Intervento di u merlu rucà »

Evitando di soffermarmi in costrutti già commentati in precedenza, inciampo però in chiamati.
Il siciliano ibleo ha la particolare caratteristica di sostituire tutti i gruppi -ch-, cioè c dura, con -ci- cioè c dolce. Uniche eccezioni restano chiddu e chissu, che alcuni autori riportano nella forma grafica quiddu e quissu.
Perciò i "sicilianissimi" chiamari, acchiappari, chiòviri e chiummu nella provincia di Ragusa sono rispettivamente ciamari, acciappari, ciòviri e ciummu (influenze venete? :D ), cioè in italiano chiamare, acchiappare, piovere e piombo.

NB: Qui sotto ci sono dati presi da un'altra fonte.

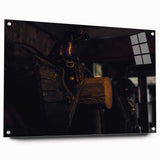 Rustic Saddle Wall Art – Vintage Leather Saddle in Cozy Barn Setting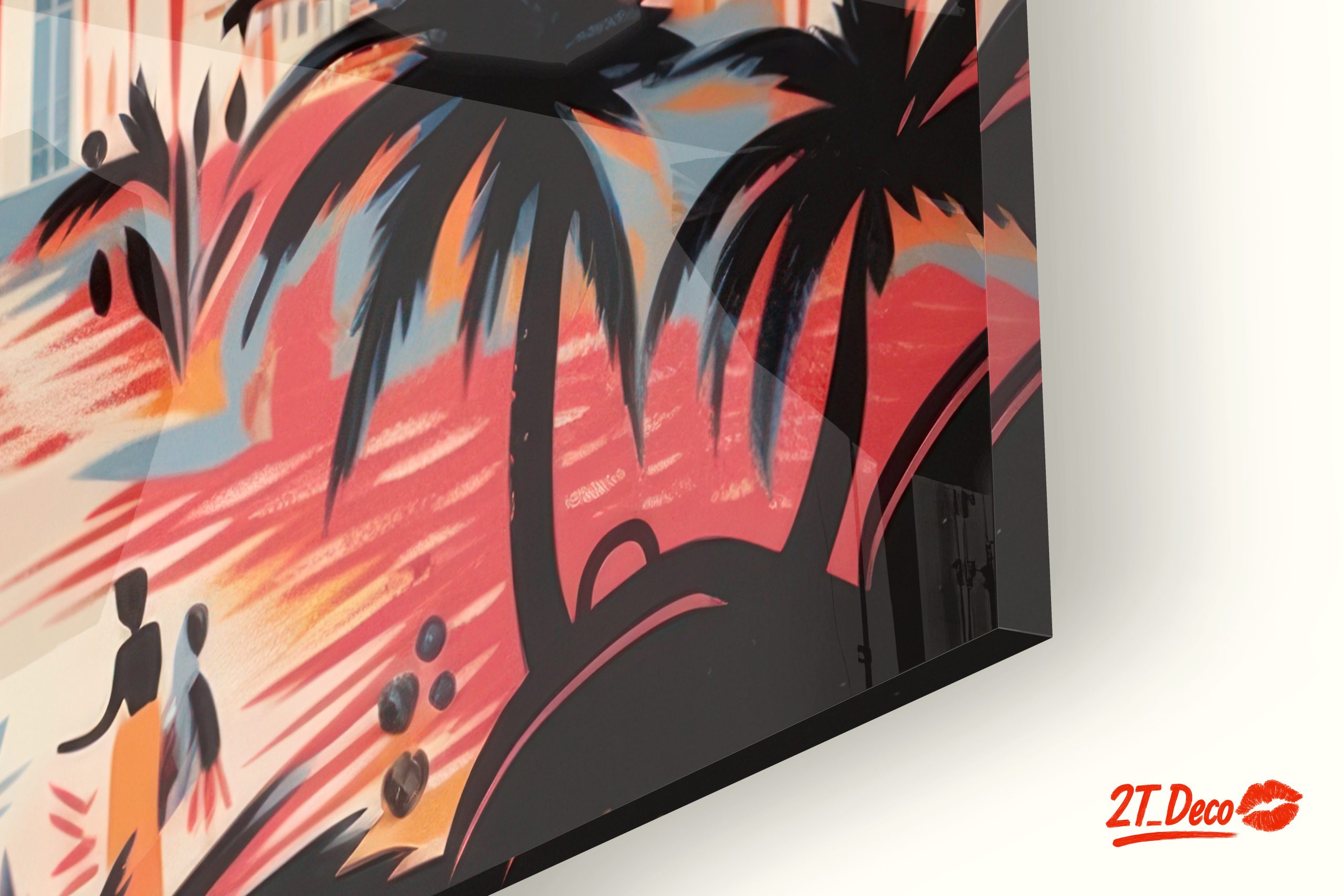Vibrant Tropical Coastal Scene Art - Image 9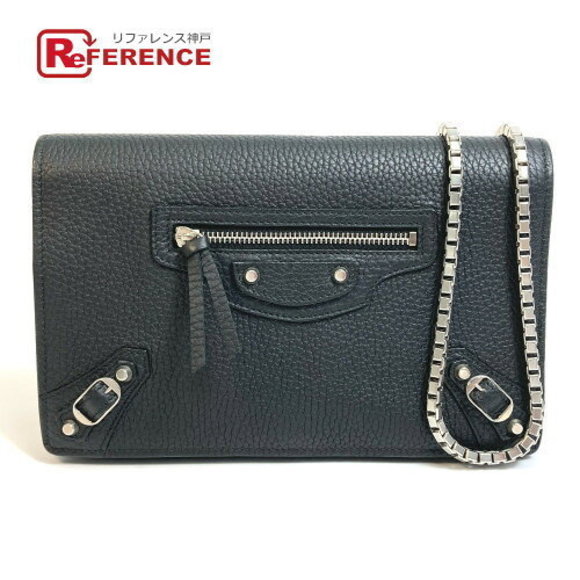 Balenciaga Chain Wallet Shoulder Bag Leather Black - Picture 1 of 9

chiddu e chissu sono eccezioni apparenti, in quanto derivano da eccum illum e da eccum istum, mentre gli altri termini derivano da gruppi consonantici iniziali CL- PL-; l'esito 'ragusano' da CL (ciamari < CLAMARE) è anche genericamente settentrionale, mentre quello da PL (ciòviri < PLOVERE) è caratteristico (anche se non esclusivo, si ritrova in Valtellina!) della Liguria (ciöve). Difficile dire se si tratta di un sostrato comune o di un influsso dei coloni gallo-italici che, nel corso del XII/XIII secolo, si stabilirono in Sicilia, fondando o ripopolando numerose località, una parte delle quali ha mantenuto ancora oggi (sia pure con forti apporti dei dialetti siciliani con cui confinavano) la parlata originaria.